A claim that has yet to be put to any kind of test. The industry also grossly underreports its emissions. Industry's emissions estimates are fiction.
Pathways Alliance's claim rests largely on mostly taxpayer-funded white elephants such as carbon capture (CCS), SMRs, and "blue" hydrogen. Claims for the efficacy of CCS in the oilsands, in particular, are wildly overblown.

Danielle Smith's approach is simply shortening the path to human extinction. Simple as that. Short tem geed wins!

I notice the general tone of Wilkinson and Guilbeault toward Smith has become slightly more dismissive and disparaging (and how NOT) but when Kendall Dillinger of the Pathways Alliance, a presumed supporter, also joins in she really is starting to appear more marginalized back toward the actual ideological fringe that is the TBA/UCP.
For her I suspect it's more of a utilitarian stance but of course that's how the backbone of the party views HER as well. Women are traditionally allowed into leadership when things get fractious or to smooth perceptions when a political party is perceived as having gone off the rails somewhat. (Understatement of the decade.)
So if TBA really is driving this clown car, and she's starting to blow their cover, is it possible the knives might be out again, even this soon, that Danielle becoming "Dumbyell" might have a shelf life?
That IS how momentum works when you're primarily focused on moving fast and breaking things in your impatience to get on with your long-awaited and transformative agenda. You're SO close.
Bring it on I say; let's see who you guys REALLY are, AGAIN; maybe this time it'll take?
But people have never been slower learners.

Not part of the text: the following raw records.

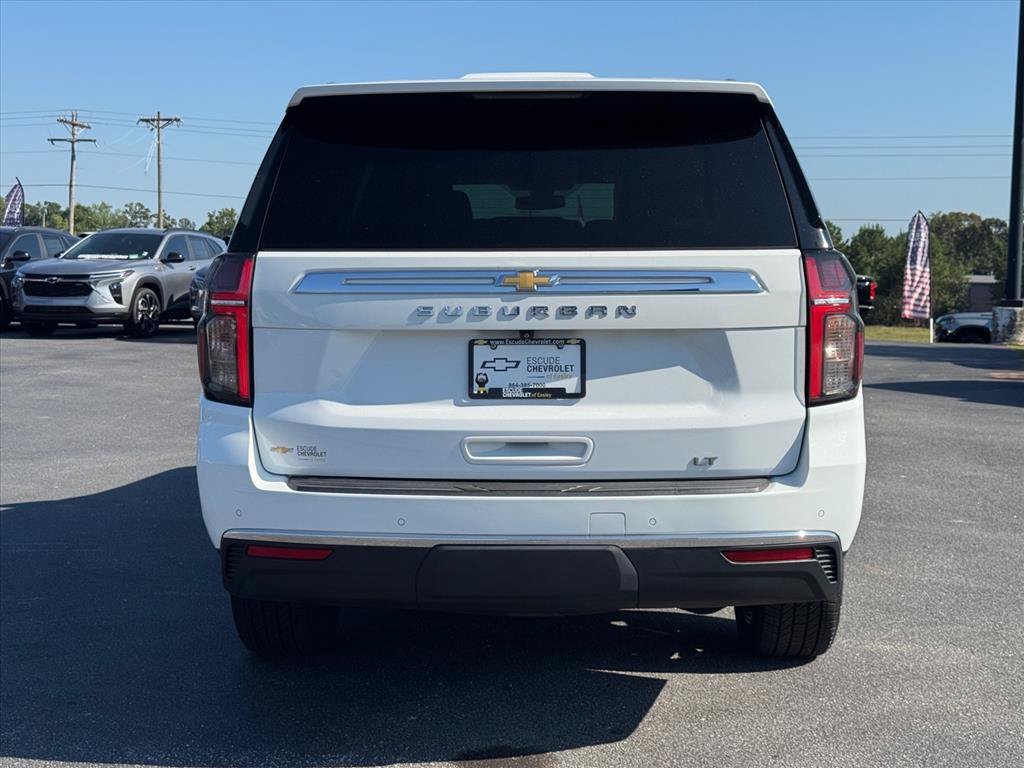 Used 2022 Chevrolet Suburban LT AWD/4WD image 4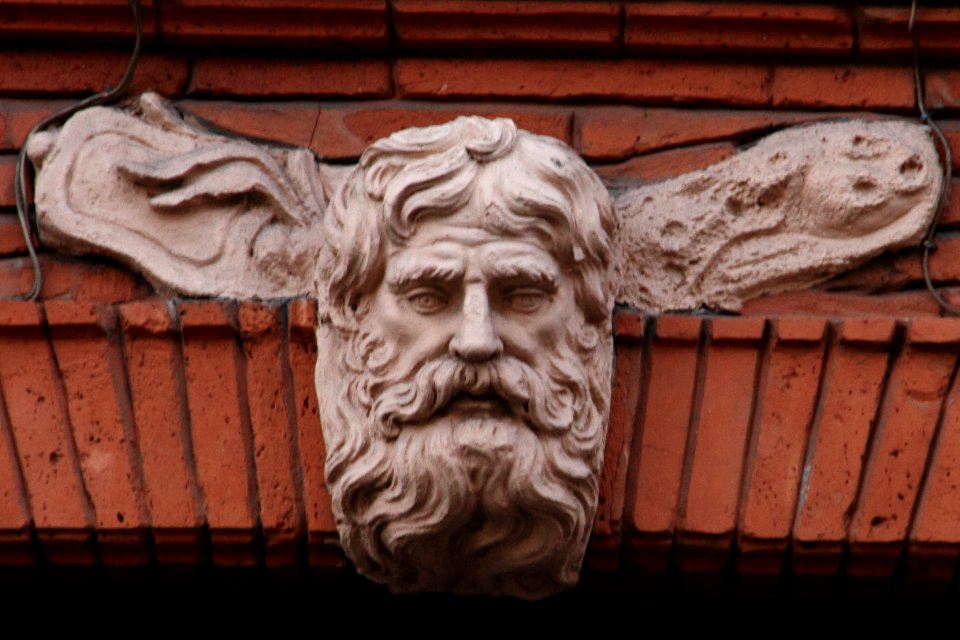 Mascaron, Place Dominique-Martin Dupuy 04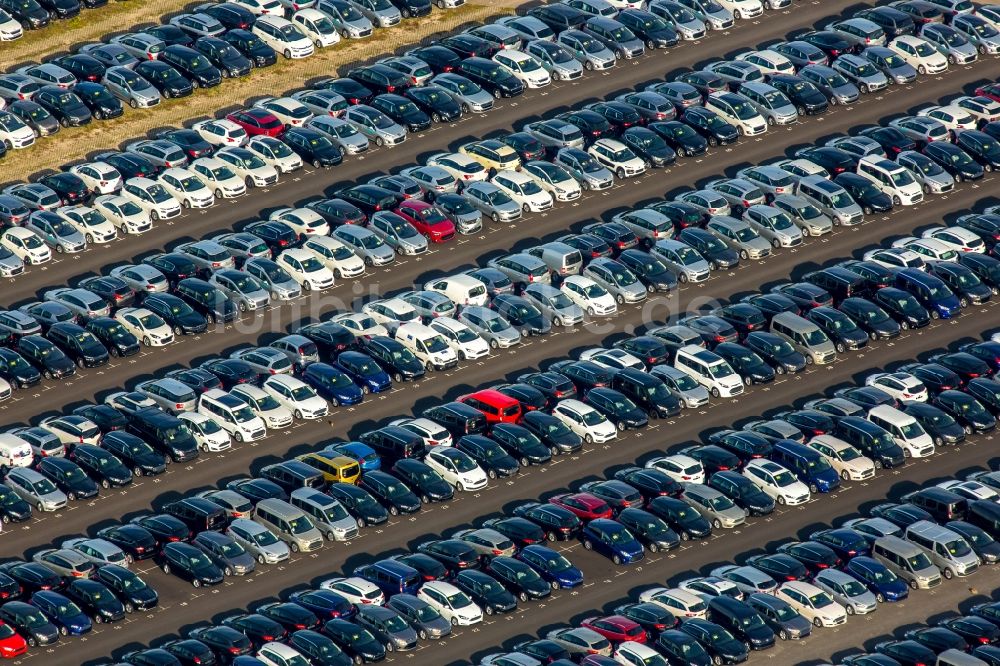 Luftaufnahme Zülpich - Parkplatz und Abstellfläche für Automobile in Zülpich im Bundesland Nordrhein-Westfalen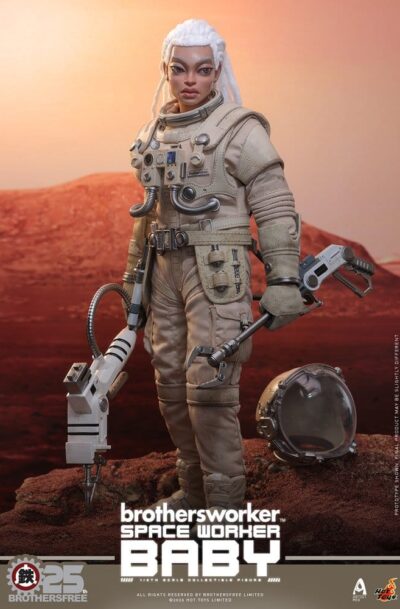 Hot Toys: Brothersfree "Space Worker Baby (Brothersfree 25th Version)" 1/6  Actionfigur (Q1/2027)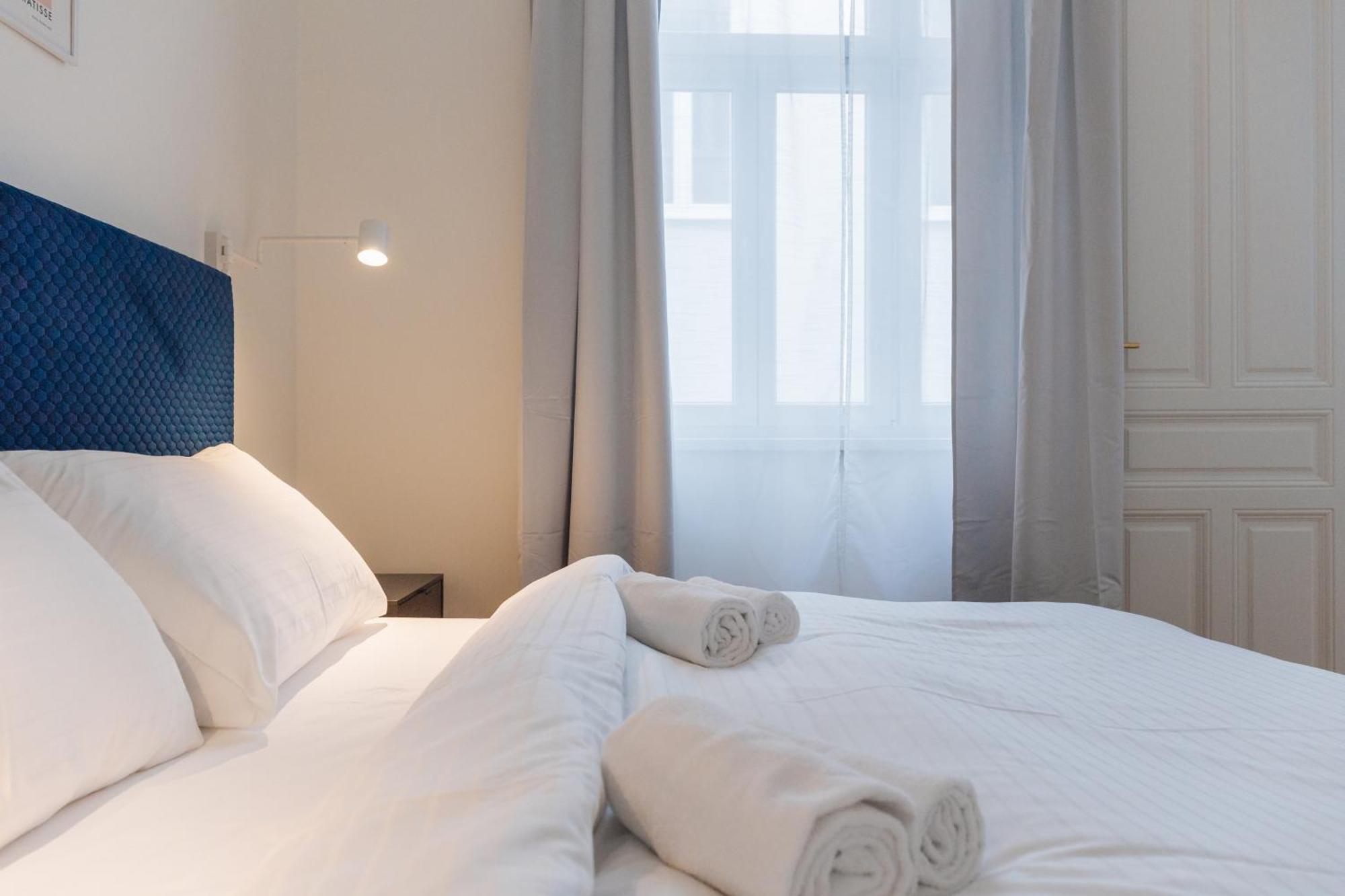 Apartment Brand Cozy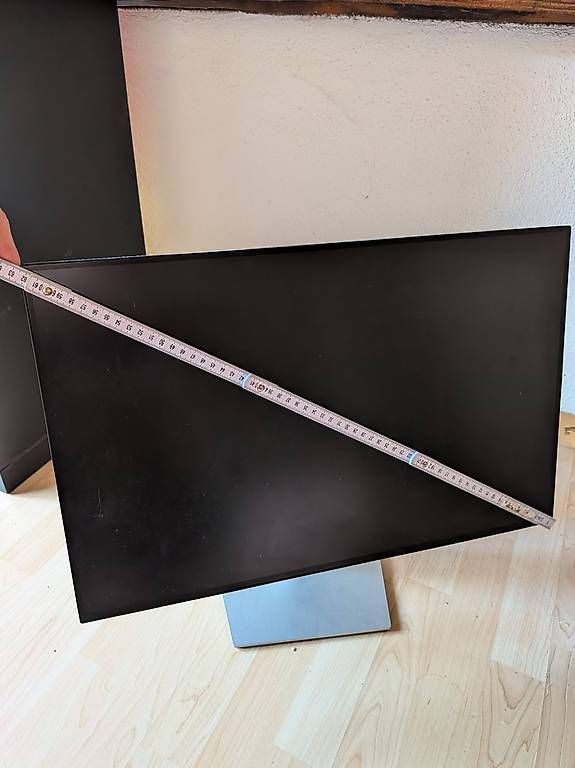 Monitore: Dell Bildschirm (ca. 63 cm) – Gebraucht aus Zürich von witch_finder 3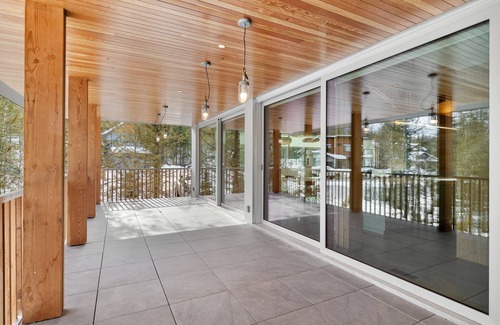 East Kootenay Cabina | Fernie Alpine Resort - Wood Fire - Sauna - Hot Tub - A/C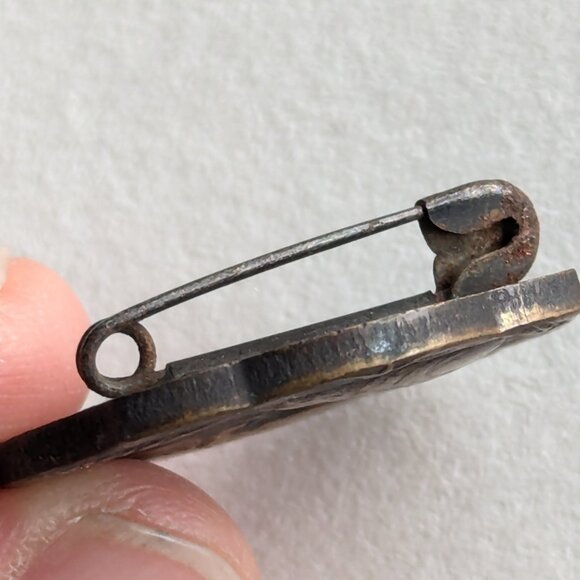 Antique 1926 Huguenin Locle Memorial Pin brooch National Day of Switzerland - Picture 7 of 7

Hard to believe a thing from government especially Natural Resources Minister Jonathan Wilkinson who has a vested interest in O&G and its future.

Natural Resources Minister Jonathan Wilkinson and his staff have praised Enbridge and Shell in recent months, after his spouse invested in the two large fossil fuel companies.
The case is just one example of a broader trend of investment ties between Canadian lawmakers or their families, and the oil and gas industry.
In November last year, Wilkinson congratulated Enbridge for partaking in a federal government grant program to retrofit homes for energy efficiency. And during a June meeting involving a manager at Shell, Wilkinson was urged by his ministerial briefing note to “recognize the great leadership” of the multinational company headquartered in the United Kingdom for helping build electric vehicle charging stations.

Before Wilkinson presented the Enbridge grant program and met with a representative from Shell, he had already listed both companies in his public ethics disclosures, as investments made by his spouse.

An investigation by The Narwhal and the Investigative Journalism Foundation found 30 MPs or their spouses took advantage of these rules between 2020 and 2022 to include oil and gas stocks in their portfolios.

All told, the company that MPs or their spouses made the most investments in during this period was Enbridge, which was listed in 18 ethics disclosures.

Fortis, a utility company that distributes natural gas and electricity, had 11 investments, as did TC Energy, the company behind the Coastal GasLink pipeline. Oilsands company Suncor had seven investments, while Pembina Pipeline had six.

Very interesting information. Kudos!

I wonder if anyone half an hour of online research (start with recent IEA reports) cared to advise Wilkinson et al that these investments have a leaky fuel tank? Demand destruction in oil and gas will be the financial story in little more than six years.

The ducks have aligned, the writing is on the wall.